February 27th, 2014

anyuta

Воспоминание о восьмидесятом годе

В 1980 году случилась Олимпиада. Москвичей попросили по возможности покинуть город, и, в особенности, увести детей, поэтому мы с папой уехали в дом отдыха в Абхазию, где провели две недели. По телевизору показывали «Маленькие трагедии» с Высоцким в роли дон Гуана, в местном кинозале – итальянский фильм про Че Гевару. Мне было четырнадцать лет, и мы с папой сначала играли в стихи (кто прочтет наизусть больше стихов, у которых другой не отгадает автора. Я стабильно набирал очки благодаря стихотворению «Будет ласковый дождь» Сары Тисдел из «Марсианских хроник» - папа никак не мог запомнить, как ее зовут), так вот, сначала мы играли в стихи, а потом папа просто стал читать стихи. Так я впервые узнал о существовании Бродского, а заодно услышал сколько-то стихов Пастернака и Мандельштама. В местной библиотеке нашелся сборник Арсения Тарковского, а в книжном магазине в ближайшей деревне мы купили сборник Галактиона Табидзе в переводах Владимира Леонтовича.
Короче, во многом своей любви к поэзии – да и вообще вкусу к русской литературе середины ХХ века – я обязан этому лету. Понятно, что авторы эти были большей частью полулегальные или даже вовсе нелегальные, так что заодно у меня случился мощный инсайт на тему советской власти и ее отношения с культурой, а заодно – и с проблематикой прав человека.
Потом мы вернулись в Москву и узнали, что умер Высоцкий. В Польше «Солидарность» организовывала забастовки, а москвичи рассказывали, что пустой город гораздо лучше густонаселенного.
Как-то вечером папа решил продолжить мое образование и залез в ящик, где хранился разный машинописный Самиздат.

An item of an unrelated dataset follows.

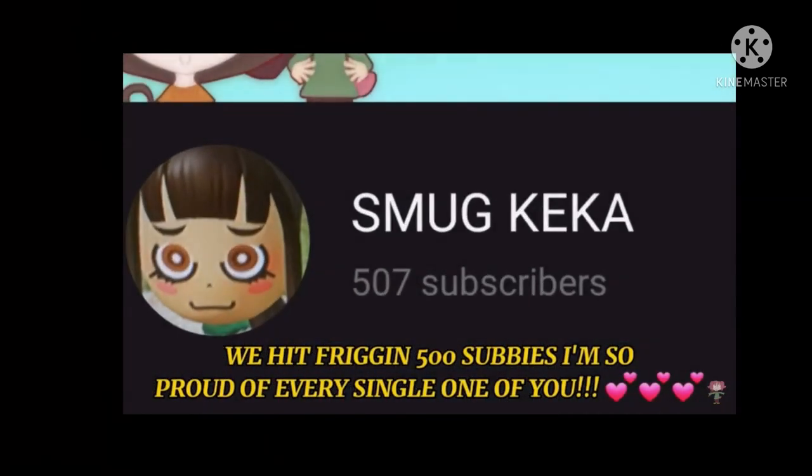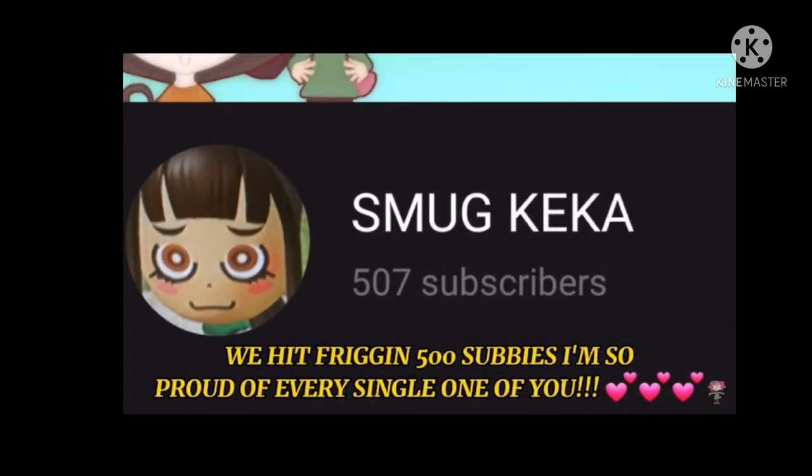Reaching 500 subscribers, Smug Kekka decided to start a competition that, as of recording this, is still going on, as confirmed by herself.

Он вытащил оттуда папку со стихами – разрозненной подборкой конца шестидесятых, часть уже была опубликована – и почему-то решил прочитать «Северовосток» Волошина (в машинописи он был без тире, я так и запомнил). Я слушал зачарованный и, когда папа замолчал, еще некоторое время думал о цикличности истории России, силе слова и прочих вещах, которые в четырнадцать лет кажутся куда более возвышенными, чем в нынешние сорок семь. И тут папа сказал, без всякой связи с Волошиным:
- Неужели наши введут войска в Польшу?
Это было одно из самых сильных впечатлений моего отрочества – как от поэзии, политически-заряженной, но абстрактной, можно перейти к реалиям сегодняшнего дня.
Сейчас моему сыну двенадцать, чуть меньше, чем было мне тогда. Олимпида только что закончилась, а у Польши уже давно своя собственная, не очень интересная нам, история. Два часа назад я не то задремал, не то задумался – и вдруг ясно представил, что, включив компьютер, прочту новость о том, что русские войска вошли на территорию Украины. Это видение было столь явным, что я похолодел – что делать-то? Выходить на Красную площадь? Спасать украинских друзей от депортации? Писать в фейсбук гневный пост?
Я включил компьютер и понял, что пока что обошлось, и где-то через полчаса вспомнил восьмидесятый год и папину фразу «неужели наши введут войска в Польшу?». Во всем этом было чуть больше симметрии, чем мне бы хотелось.
Можно было бы сказать, что русская история циклична (как, возможно, и любая другая). Но можно вспомнить, что войска в Польшу так и не ввели (дай Бог, обойдется и с Украиной) – так что, возможно, нужно говорить не о цикличности истории, а о повторяемости страхов, о незаживающей уже какое поколение травме 1968 года.
Последняя мысль кажется мне даже более страшной, чем первая – потому что я привык считать, что человеческие страхи способны только порождать зло, а вовсе не способствовать тому, что «это никогда больше не повториться». Возможно, мой испуг был только эхом страха и отчаяния нескольких поколений моих соотечественников – и если что-то интересует меня в связи с этой историей, то это вопрос о том, как не передать эти страхи моим детям.